Le  rang de la France dans le nouveau classement par l’OCDE du niveau scolaire des jeunes de 15 ans est plus   catastrophique que jamais. Ce classement, triennal, résultat d’une très lourde enquête, privilégie chaque fois un domaine, lettres ou mathématiques. Il y a trois ans ce fut les lettres ; la France y était 22ème sur 65, reculant de 5 places en 6 ans.

Cette année,  ce sont les mathématiques. Et la France y recule encore de quelques places. Et pire encore, elle est un des derniers pays, sinon le dernier,  dans le dernier décile, c’est à dire que nos  plus mauvais en mathématiques,  issus des milieux les plus défavorisés,  sont les plus mauvais des pays développés.

Certes, on peut se vanter d’avoir encore une école mathématique d’exception, avec plus de médailles Field (équivalent du Nobel  pour les mathématiques) qu’aucun autre pays, à égalité avec  les États-Unis ; mais nous devons constater un recul  du niveau moyen d’une classe d’âge et admettre que, contrairement à ce que l’on a cru longtemps, les matières scientifiques ne permettent pas mieux que les matières littéraires de combattre l’exclusion. Sans doute parce que l’accession aux connaissances mathématiques suppose  une capacité d’abstraction qui va avec un environnement familial prédisposé à aider l’enfant, dès le plus jeune âge, à l’acquérir.

Nous sommes de plus un pays de rente: l’argent va à l’argent, le  savoir va au savoir. Les enfants des familles riches le restent. Les enfants de professeurs ou d’ingénieurs ont plus de chances qu’aucun autre d’obtenir un diplôme d’enseignement supérieur. Et, en l’absence de croissance, les places qu’ils occupent   ne sont plus disponibles pour les enfants issus d’autres milieux sociaux.

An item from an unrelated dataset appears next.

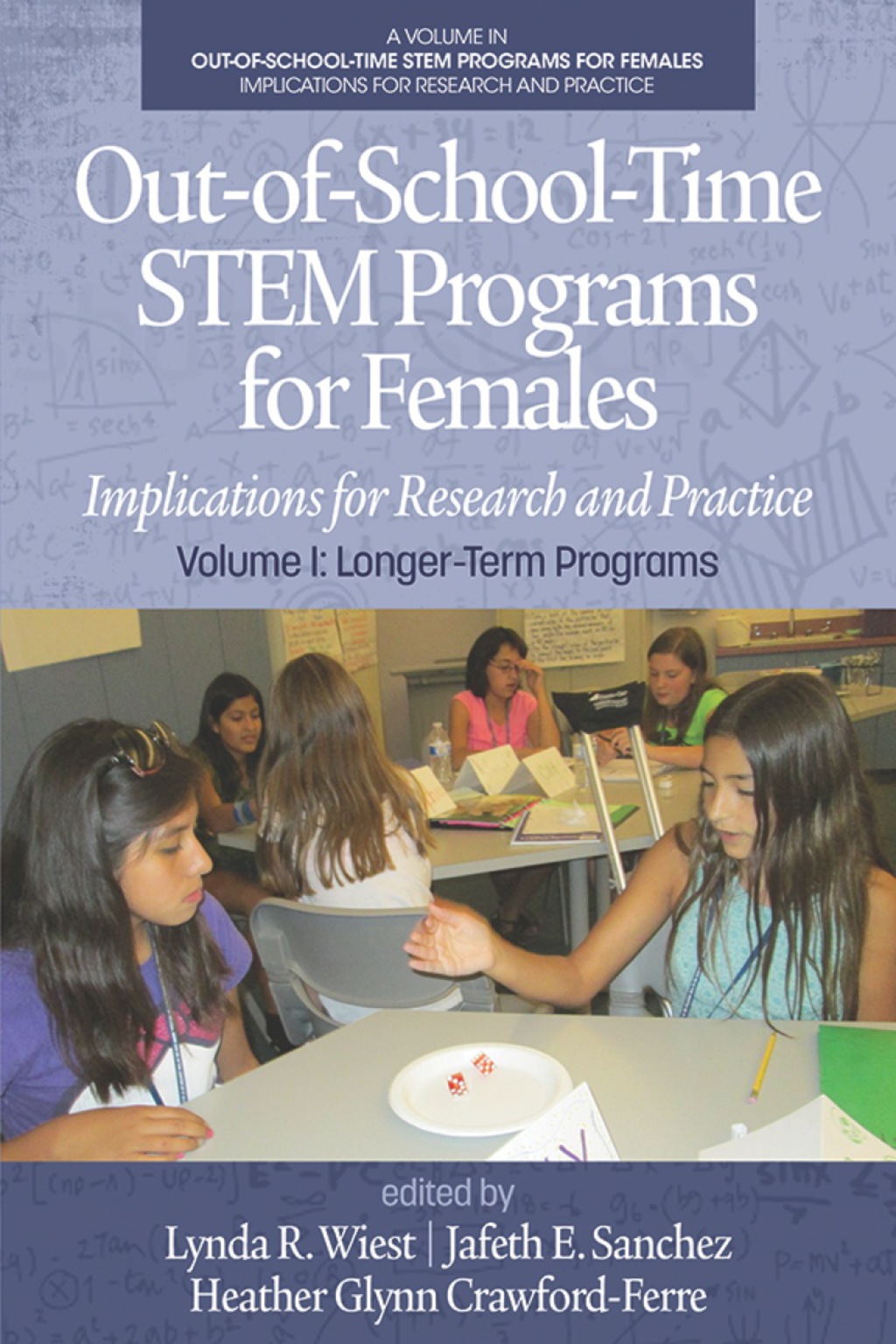 OutofSchoolTime STEM Programs for Females: Implications for Research and Practice Volume I: LongerÃ¢â‚¬ÂTerm Programs  â€“ PDF/EPUB Version Downloadable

En particulier pour ceux qui n’ont pas la chance d’appartenir à  un milieu familial attentionné  et disposant d’un logement permettant de s’isoler pour étudier.

Si cela ne change pas, ce sont des millions de talents qu’on va perdre, et qui partiront, frustrés, vers d’autres pays ou dans la clandestinité.  La France y perdra son âme. Et son avenir.

Comme toujours, un problème complexe n’a pas une solution unique. Il faudrait  employer beaucoup de moyens à la fois pour y répondre. Les cinq principaux sont les suivants:

1. Améliorer massivement les logements des milieux défavorisés, comme a commencé à le faire l’ANRU,  et développer les internats de proximité pour tous les enfants des collèges, et pas seulement pour les meilleurs  ni pour les plus défavorisés.

2. Accorder vraiment plus de moyens aux collèges des ZEP, en particulier  en n’y envoyant plus d’enseignants débutants et en leur faisant bénéficier en priorité des nouvelles formes d’enseignement numérique.

3. Orienter les jeunes des milieux défavorisés dès la sixième vers les bacs généralistes en établissant avec eux des projets de vie,    et  en cessant de leur faire croire que le bac professionnel est leur meilleur  horizon.

4. Revaloriser les métiers d’ingénieurs, qui sont au cœur de l’avenir économique d’un pays et qui ne devraient plus être moins bien rémunérés que ceux du commerce  et de la finance. Et pour cela, revaloriser en priorité  les métiers de professeurs de mathématiques et de science physique, dont dépend la formation des futurs ingénieurs.

5. Enfin, faire comprendre  à tous qu’il n’y a rien de plus poétique, de plus élégant, de plus harmonieux  que les mathématiques, porte d’entrée au monde du  rêve et de la création.

La France, pays de Descartes, peut encore gagner cette bataille.